CD3 candidates agree on protecting Western Slope water, reservoir enlargements — @AspenJounalism #CWCVirtual2020

From Aspen Journalism (Heather Sackett):

Diane Mitsch Bush, the Democratic candidate for Colorado’s 3rd Congressional District, pledged cooperation and Lauren Boebert, her Republican challenger, promised to fight — the Front Range, neighboring states and the federal government — to protect Western Slope water.

The two candidates on Thursday tackled water-related questions at this year’s Colorado Water Congress. Typically among the largest annual gatherings of water managers, policymakers and scientists, the 2020 series of panels and workshops has gone online due to the COVID-19 pandemic. Mitsch Bush answered questions live via Zoom, while Boebert sent in a prerecorded video. She was attending President Donald Trump’s Republican National Convention speech at the White House on Thursday night.

Mitsch Bush touted her experience as a former Routt County commissioner and three-term state representative, and framed herself as a pragmatic problem-solver who uses science, not ideology, as the basis for decisionmaking. From her history of working with the basin roundtables, she said the best ideas come from listening to one another.

“I’ll work diligently with our delegation and the other Western states to ensure our Western voices are heard and our needs as a headwaters state get met,” she said. “To do that, I will work with colleagues across all the divides: the aisle, basins and states to rebuild our infrastructure so our communities can flourish now and in the future.”

Boebert, the owner of Shooters Grill in Rifle, made headlines earlier this summer when she beat Rep. Scott Tipton, an incumbent endorsed by Trump, in the District 3 Republican primary. The upset has thrust the conservative gun-rights activist and mother of four into the national spotlight.

Moderator Joey Bunch, of Colorado Politics, posed the question of how the burden of drought and a potential Colorado River Compact call could be shared equally by the Front Range’s populous urban center and the rural, agriculture-dependent Western Slope.

Western water managers desperately want to avoid a compact call, which could occur if the upper basin states (Colorado, Wyoming, New Mexico and Utah) can’t deliver on the amount of water they owe the lower basin states (Arizona, Nevada and California). A compact call could trigger involuntary cutbacks in water use for Colorado, known as “curtailment.”

This scenario reveals an interesting intrastate dynamic: Many of the oldest and most valuable water rights are on the Western Slope, meaning the cutbacks wouldn’t affect them because they predate the 1922 Colorado River Compact.

But the state’s population center and deep-pocketed municipal water providers are on the growing Front Range. Some worry that Front Range interests will try to secure these senior Western Slope agricultural water rights so they can avoid cutbacks. Cities’ purchasing of agricultural water rights is sometimes derided as “buy and dry.”

Mitsch Bush said, “My top principle is: We cannot let curtailment lead to buy and dry of agriculture.”

Boebert agreed and played up the urban/rural divide, saying she is against more transmountain diversions to the Front Range and is primed to fight for Western Slope water. The burden for compact curtailment cannot fall solely on District 3, she said.

“I’m 100% committed to fighting this out with Denver and Boulder and making sure they don’t push all the work and all the costs onto us,” Boebert said. “Rural Colorado must have a voice, and we must have someone willing to fight for us in D.C.”

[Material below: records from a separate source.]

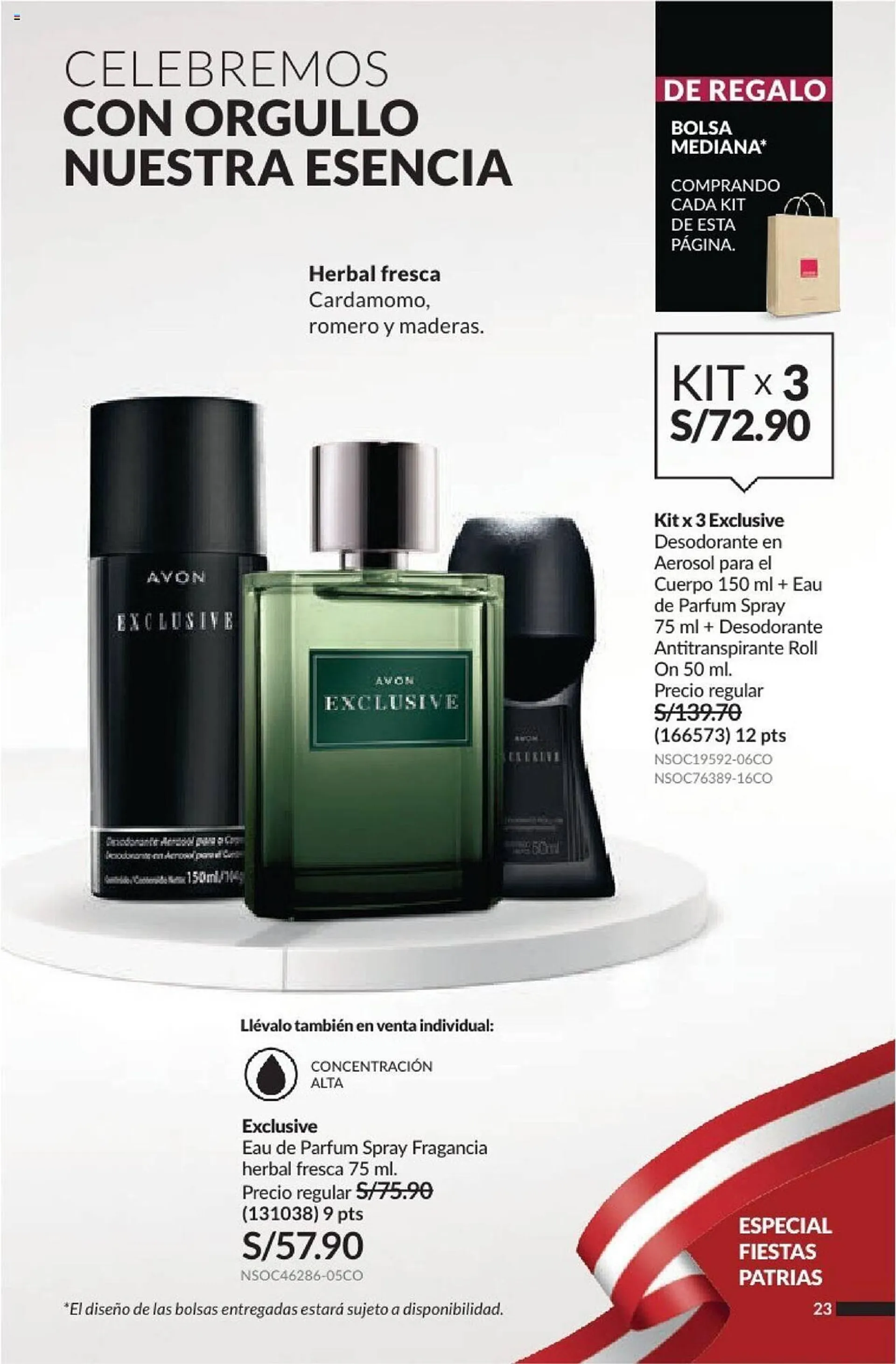 Catalogo de Catálogo Avon 5 de julio al 3 de agosto 2024 - Pag 23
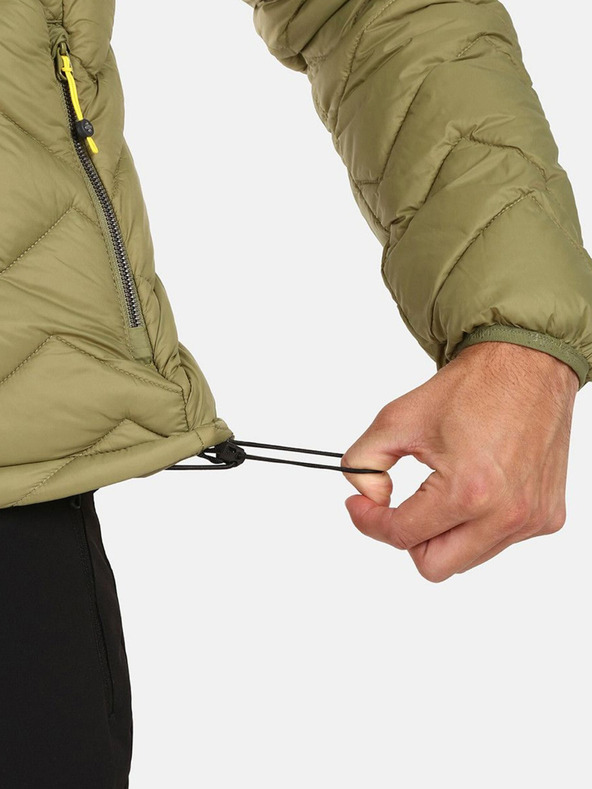 Kilpi Jachetă izolată Kilpi Rebeki-M kaki pentru bărbați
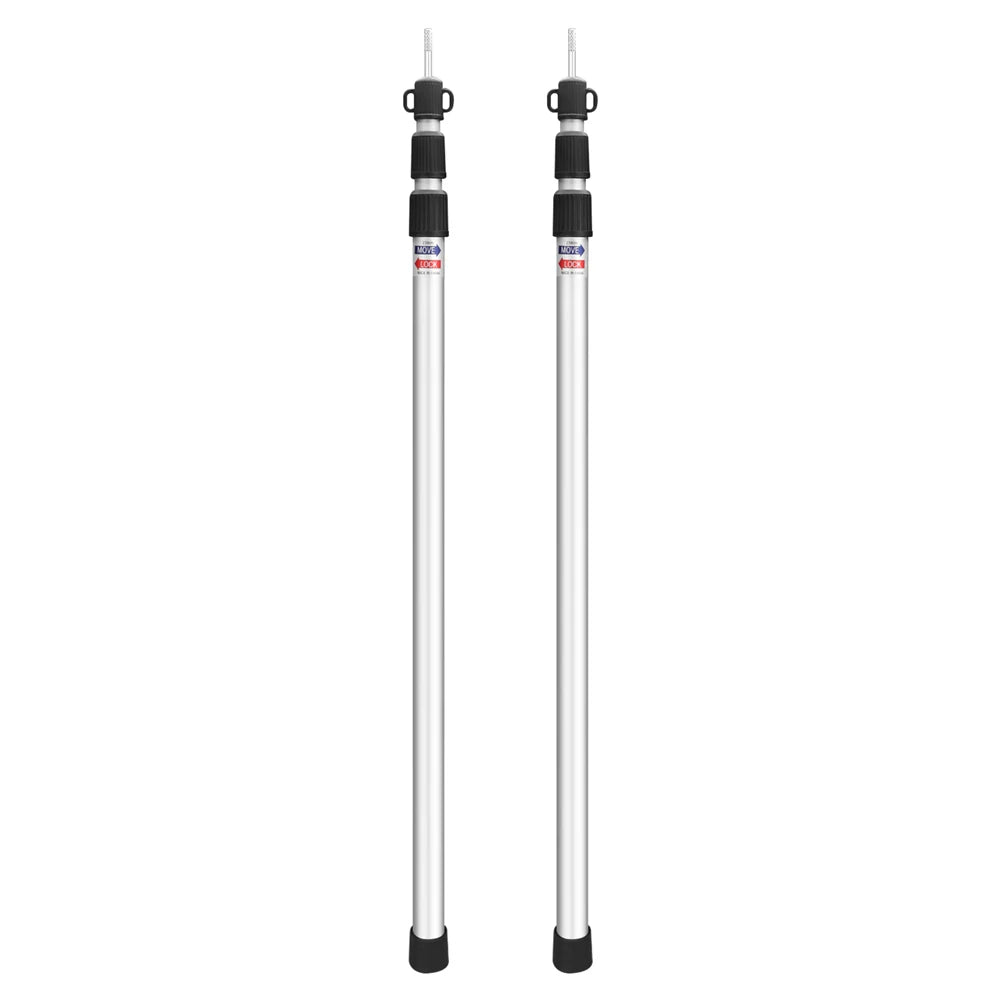 Aluminium Adjustable Camping Poles Beargoods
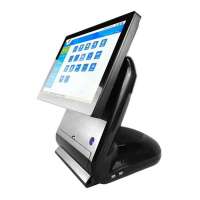 15inch pos computer/pos cash register/pos system touch screen cash register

Both candidates agreed on the expansion of existing reservoirs to increase water storage as an alternative to building new reservoirs.

“The enlargement of existing reservoirs is the quickest, least expensive and most environmentally sensitive manner to secure more water storage,” Boebert said. “Increasing water storage capacity is key for Colorado’s future.”

Mitsch Bush agreed.

“Enlarging existing reservoirs is much more cost-effective for the taxpayer and for water users and much less environmentally challenging than building new reservoirs,” she said. “The best sites are already occupied by dams and reservoirs, so increasing the reservoirs’ capacity makes sense.”

After the candidates spoke, political commentator and former Colorado GOP state chair Dick Wadhams gave his analysis on where water issues fit into the campaign.

“Water is one of the most important issues we have in Colorado going back since statehood, and yet it’s the most obscure and least understood and least prioritized oftentimes by voters,” he said. “I do think with our dramatic increase in population that we are headed to a calamity at some point if we have a horrible drought.”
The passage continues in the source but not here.